Indeed, Russia’s foreign assistance is roughly equal to that of Greece, which left Putin, as I vividly recall, leafing through papers and murmuring to staff at G8 summits, while other leaders debated how to combat corruption or confront the latest humanitarian crisis.

China, in contrast, provides substantial assistance, but conditions its aid on the right to exploit natural resources. As for other G20 countries, India’s giving is about the same as Portugal’s, while several do not even disclose their foreign assistance.

If these countries want to reap the rewards of the international system, they must also bear the burdens of that system. This means becoming responsible, rules-based and transparent donors. And because there is no development without security, they should also bear a greater share of the cost of global peacekeeping. Simply put, if China wants to extract Africa’s natural capital, then we should insist that they and others do their share to protect Africa’s—and the world’s—human capital.

This smart power strategy, v.2.0, would likely be supported by the Bush-era coalition, as well as others. The faith-based right and activist left would see it as a matter of conscience and an expression of American ideals at a time when those ideals are in doubt or under threat.

Businesses, whose rent-seeking has propelled them into frontier and emerging markets, would support it as a matter of economic self-interest, recognizing that healthy, prosperous consumers abroad promote prosperity at home.

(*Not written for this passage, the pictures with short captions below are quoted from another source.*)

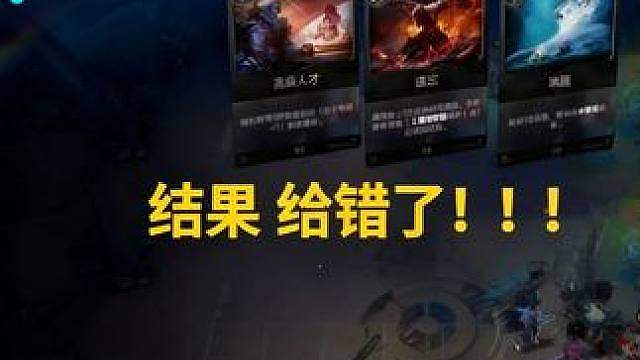 200级干将 遗志给了 东方耀 我该怎么办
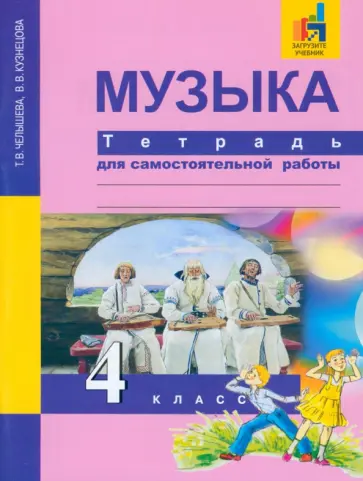 Челышева, Кузнецова - Музыка. 4 класс. Тетрадь для самостоятельной работы Челышева, Кузнецова - Музыка. 4 класс. Тетрадь для самостоятельной работы обложка книги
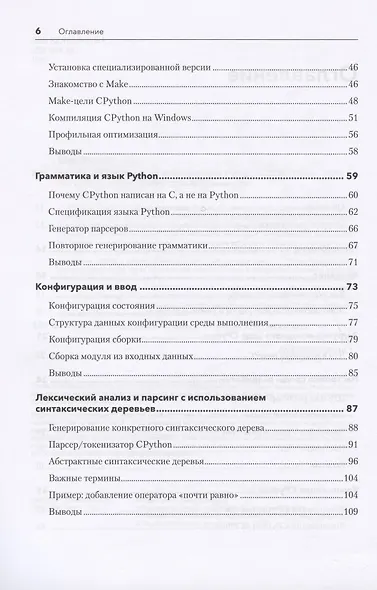Внутри CPYTHON: гид по интерпретатору Python - фото 6
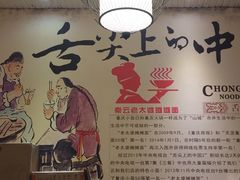 -秦云老太婆摊摊面(蓝光锦绣店)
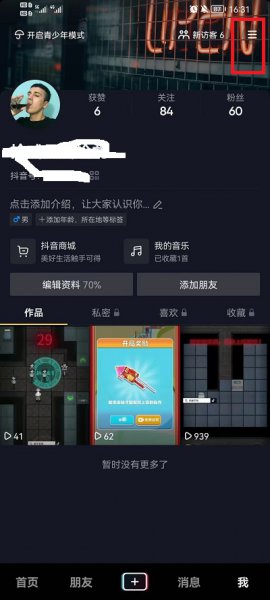 抖音密友时刻怎么关闭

“America Firsters” would see in this results-oriented approach an end to zero-sum thinking, as the paring back of marginal programs and the leveraging of private capital and G20 resources frees up funds for new local and global investments alike.

Isolationists and xenophobes, in turn, would see this strategy as a way of ensuring that potential migrants are lifted out of poverty and disease within their own borders, before seeking refuge across our borders.

And, finally, with impoverished nations increasingly falling prey to conflict from within and terror from without, the national-security community would see this more muscular approach to foreign assistance as a low-cost alternative to the military for ensuring global peace and stability. As Gen. James Mattis put it before becoming secretary of defense, “If you don’t fund the State Department, then I need to buy more ammunition.”